The one time I was truly bothered by the two- or one-space issue was when my son had a few points taken off a high school essay. Unbeknownst to me (and, apparently to him, because he hadn't read the teacher's instructions thoroughly), the English teacher told the kids that two spaces was the proper way. I had taught him to use only one. He learned that my way was the right way (haha!) but that life is unfair and sometimes you have to make your "boss" happy!
J.W. Brewer said,
March 6, 2018 @ 12:29 pm
Ralph Hickok: Ok, "I changed because I needed to change in order to get paid on a series of projects I was working on, and eventually the new way seemed natural" is a perfectly understandable answer. I suppose the obvious follow-up question is whether (to the extent you can know the counterfactual, of course) you would have invested the effort to change without that financial incentive, and if so what would have been sufficient motivation (desire to appear au courant and/or avoid the wrath of one faction of peevers? being convinced that the new way was in some objective sense superior? something else?).
Paul Clapham said,
March 6, 2018 @ 12:46 pm
@Dottyeyes: It's easy to do global search and replace to change period plus two spaces to period plus one space. It's much less easy to change period plus one space to period plus two spaces — especially if you only want to do that at the end of sentences but you want one space after a period which denotes an abbreviation in the middle of a sentence.
Dottyeyes said,
March 6, 2018 @ 1:03 pm
Ah, good point, Paul Clapham. You could first change all full stop, space to full stop, space, space. Then use Word's wildcard search to find full stop, space, space, any lowercase letter. Then, when all those instances were highlighted (pressing "find in main document"), you could replace the two spaces with one spaces. And then you'd just have decide as you read if there were any abbreviations followed by, say, an acronym or a proper noun.
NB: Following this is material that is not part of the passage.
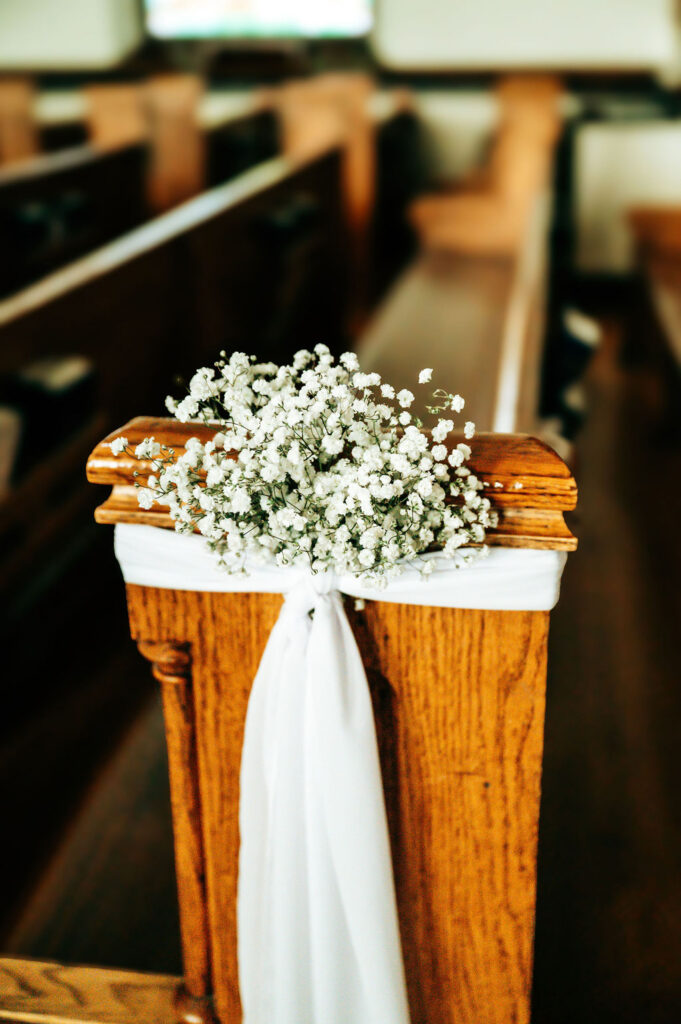 Baby Breath on Church Pew | Elicia Wilson Photography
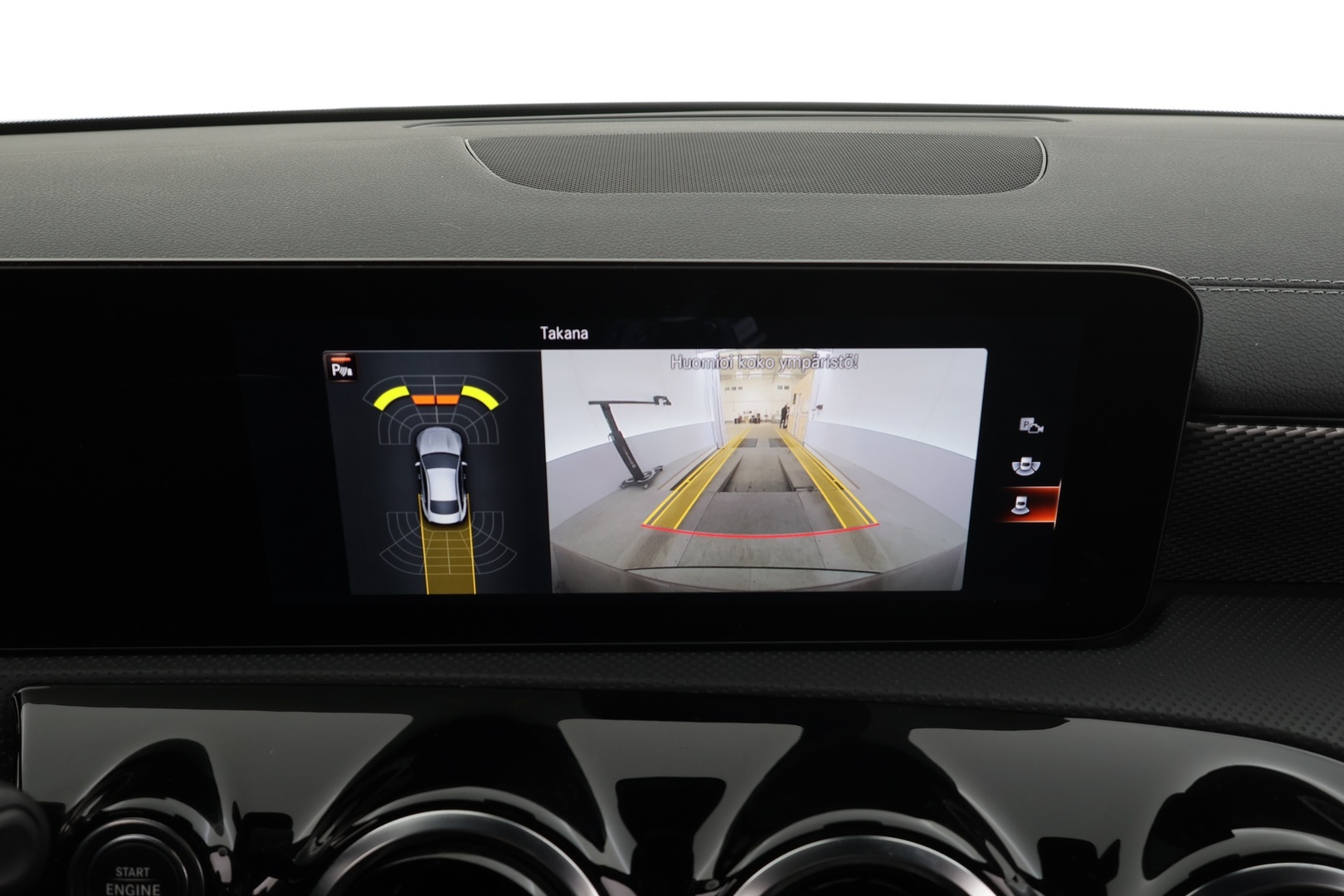 MERCEDES-BENZ CLA 2023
As I think about this process, I feel exceedingly glad that all my clients want only a single space after the full stop!
Vulcan With a Mullet said,
March 6, 2018 @ 1:36 pm
I learned one stop spacing when I was in journalism class about 25 years ago and I have done it ever since.
David Bertenshaew said,
March 6, 2018 @ 1:38 pm
@Garrett Wollman
AFAIK, emacs works fine with single spaces after sentences — I've been using it that way for years and have not noticed any problems with abbreviations. Spacemacs even comes that way by default.
The variable is sentence-end-double-space – set it to nil to have decent sensible one-space behaviour…
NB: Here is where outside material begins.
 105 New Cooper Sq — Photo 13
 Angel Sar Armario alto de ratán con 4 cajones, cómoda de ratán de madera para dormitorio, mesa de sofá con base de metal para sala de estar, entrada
Doesn't that work for you?
bill said,
March 6, 2018 @ 1:39 pm
J.W. Brewer: "why invest the time and effort to unlearn something already both learned and 'automated'"
Because it didn't require any time and effort. It was pretty much "oh, so what I learned in typing class all those years ago no longer applies when typing with these new computer thingys…cool."
And then I showed some adaptability and only hit the space bar once. Times change, standards change, practices change. What you learned as a child does not always exist as an eternal truth.
languagehat said,
March 6, 2018 @ 1:48 pm
What you learned as a child does not always exist as an eternal truth.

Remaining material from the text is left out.